▸ Required work
Could you reproduce, word for word, everything below from the line containing "The app allows" down to the line containing "Let's talk about", with both of those lines included and no others?

▸ Supplied records
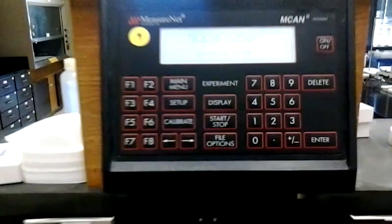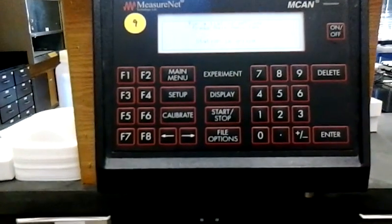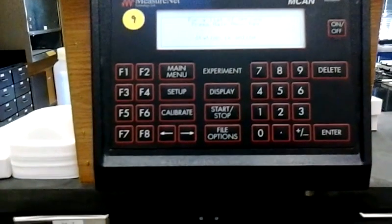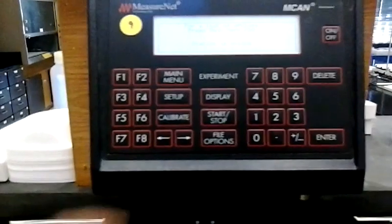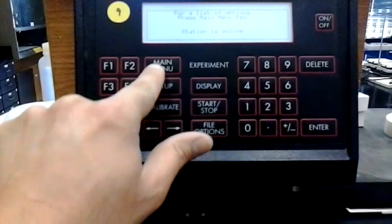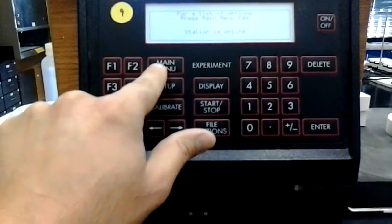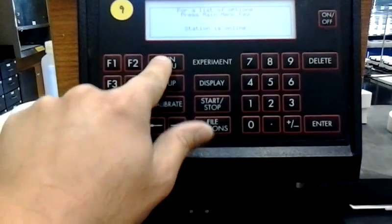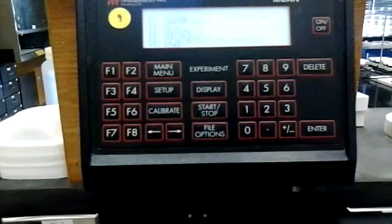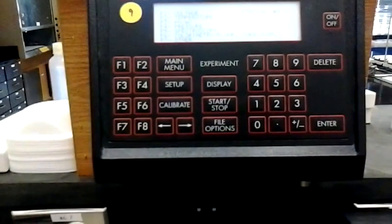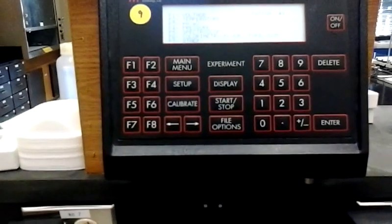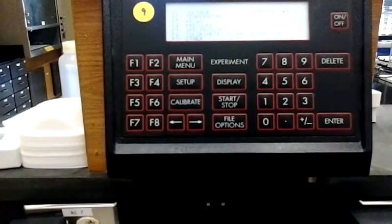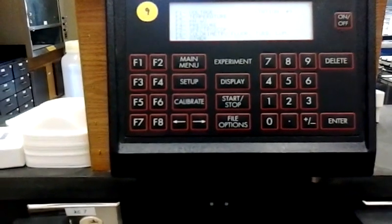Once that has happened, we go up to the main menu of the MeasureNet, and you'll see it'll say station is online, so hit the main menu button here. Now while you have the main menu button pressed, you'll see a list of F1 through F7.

==

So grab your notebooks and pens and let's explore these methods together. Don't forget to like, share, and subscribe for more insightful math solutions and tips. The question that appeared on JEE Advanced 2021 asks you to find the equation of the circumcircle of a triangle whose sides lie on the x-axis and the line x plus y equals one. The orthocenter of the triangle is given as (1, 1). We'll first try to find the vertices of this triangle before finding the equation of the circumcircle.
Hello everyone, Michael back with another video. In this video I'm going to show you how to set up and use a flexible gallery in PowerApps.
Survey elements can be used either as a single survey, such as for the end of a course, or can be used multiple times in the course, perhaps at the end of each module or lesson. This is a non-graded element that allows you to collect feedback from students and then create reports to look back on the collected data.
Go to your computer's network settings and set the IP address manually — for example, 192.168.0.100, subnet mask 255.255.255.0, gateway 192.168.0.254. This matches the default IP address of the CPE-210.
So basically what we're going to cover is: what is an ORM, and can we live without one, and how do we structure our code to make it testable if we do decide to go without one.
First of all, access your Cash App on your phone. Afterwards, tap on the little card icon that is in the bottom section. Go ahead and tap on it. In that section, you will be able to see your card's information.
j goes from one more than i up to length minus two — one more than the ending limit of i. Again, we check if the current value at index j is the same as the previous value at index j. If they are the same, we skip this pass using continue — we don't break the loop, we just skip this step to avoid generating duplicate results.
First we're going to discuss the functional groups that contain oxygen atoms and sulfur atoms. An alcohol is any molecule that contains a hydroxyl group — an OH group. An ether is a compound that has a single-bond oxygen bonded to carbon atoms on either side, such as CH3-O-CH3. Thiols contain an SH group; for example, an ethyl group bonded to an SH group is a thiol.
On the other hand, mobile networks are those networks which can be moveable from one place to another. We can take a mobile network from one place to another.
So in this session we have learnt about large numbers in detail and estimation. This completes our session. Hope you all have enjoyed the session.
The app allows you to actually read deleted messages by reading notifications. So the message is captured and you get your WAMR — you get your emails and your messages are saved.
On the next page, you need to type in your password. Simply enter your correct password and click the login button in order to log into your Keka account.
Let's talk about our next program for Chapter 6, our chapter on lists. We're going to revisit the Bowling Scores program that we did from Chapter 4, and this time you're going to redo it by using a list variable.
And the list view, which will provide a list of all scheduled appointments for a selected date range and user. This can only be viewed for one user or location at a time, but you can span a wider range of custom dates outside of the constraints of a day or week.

...

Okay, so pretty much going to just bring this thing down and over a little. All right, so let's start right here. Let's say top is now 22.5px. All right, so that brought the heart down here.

▸ Written response
The app allows you to actually read deleted messages by reading notifications. So the message is captured and you get your WAMR — you get your emails and your messages are saved.
On the next page, you need to type in your password. Simply enter your correct password and click the login button in order to log into your Keka account.
Let's talk about our next program for Chapter 6, our chapter on lists. We're going to revisit the Bowling Scores program that we did from Chapter 4, and this time you're going to redo it by using a list variable.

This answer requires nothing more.